Aim of the task: I'd like the full listing transcribed exactly, with no images included.

════════════════

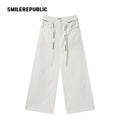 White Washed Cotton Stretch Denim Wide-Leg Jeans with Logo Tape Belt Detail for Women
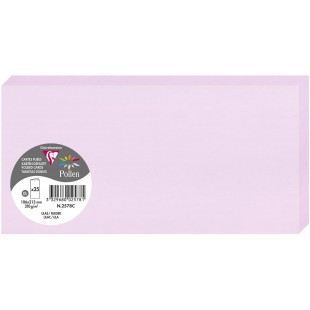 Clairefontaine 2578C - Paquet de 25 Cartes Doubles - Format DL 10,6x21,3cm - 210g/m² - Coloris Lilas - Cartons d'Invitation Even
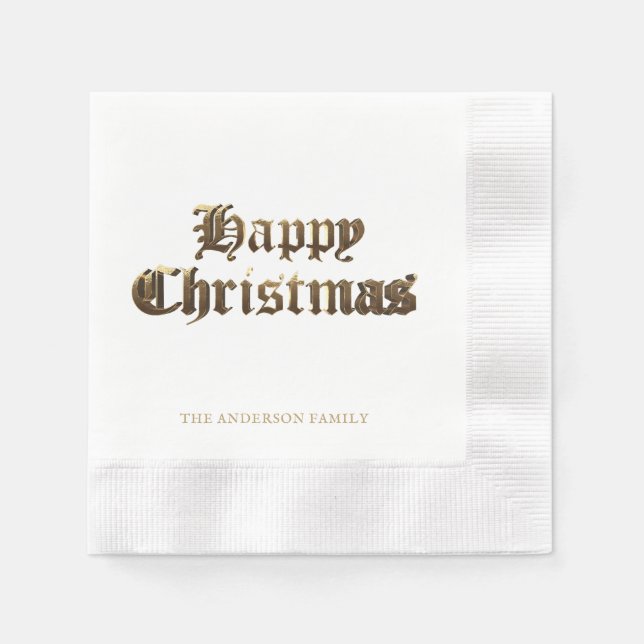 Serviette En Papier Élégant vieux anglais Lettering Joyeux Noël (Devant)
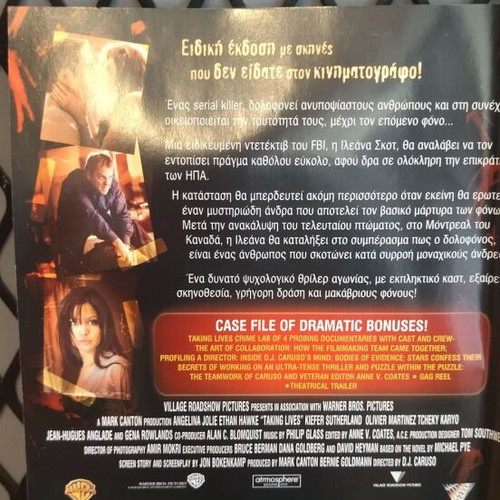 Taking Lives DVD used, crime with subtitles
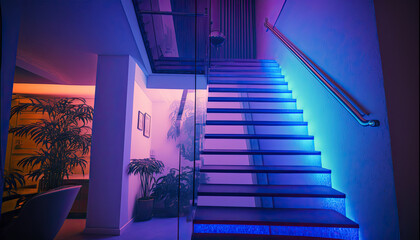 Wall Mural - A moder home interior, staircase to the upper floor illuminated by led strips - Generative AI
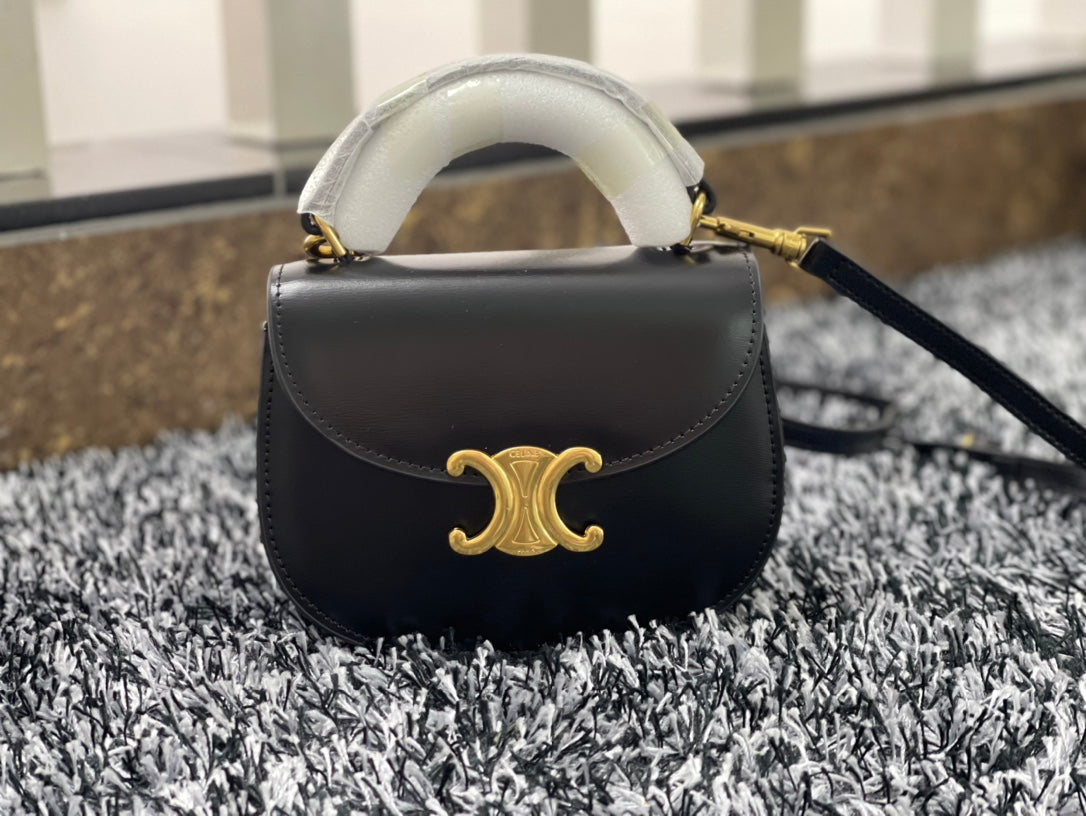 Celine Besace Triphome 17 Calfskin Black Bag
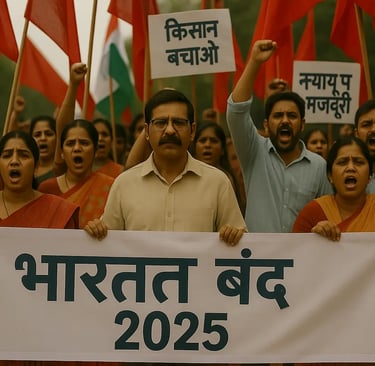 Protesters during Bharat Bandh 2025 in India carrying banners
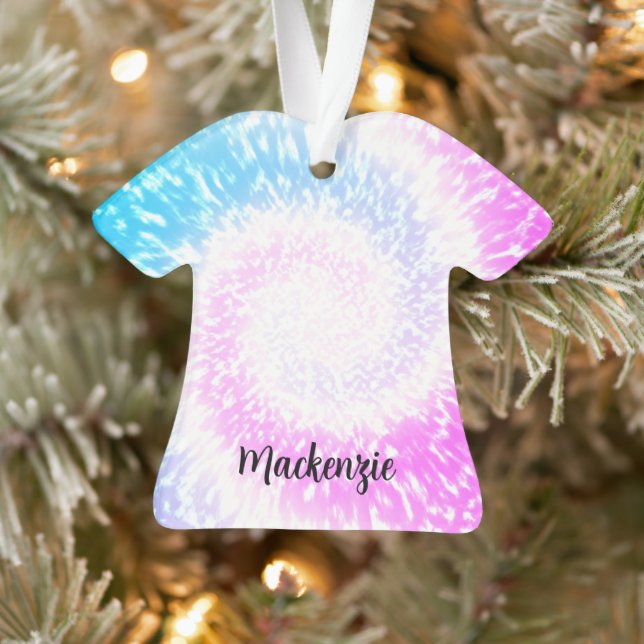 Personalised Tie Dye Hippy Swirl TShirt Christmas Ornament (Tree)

════════════════

Exercise output:
 White Washed Cotton Stretch Denim Wide-Leg Jeans with Logo Tape Belt Detail for Women
 Clairefontaine 2578C - Paquet de 25 Cartes Doubles - Format DL 10,6x21,3cm - 210g/m² - Coloris Lilas - Cartons d'Invitation Even
 Serviette En Papier Élégant vieux anglais Lettering Joyeux Noël (Devant)
 Taking Lives DVD used, crime with subtitles
 Wall Mural - A moder home interior, staircase to the upper floor illuminated by led strips - Generative AI
 Celine Besace Triphome 17 Calfskin Black Bag
 Protesters during Bharat Bandh 2025 in India carrying banners
 Personalised Tie Dye Hippy Swirl TShirt Christmas Ornament (Tree)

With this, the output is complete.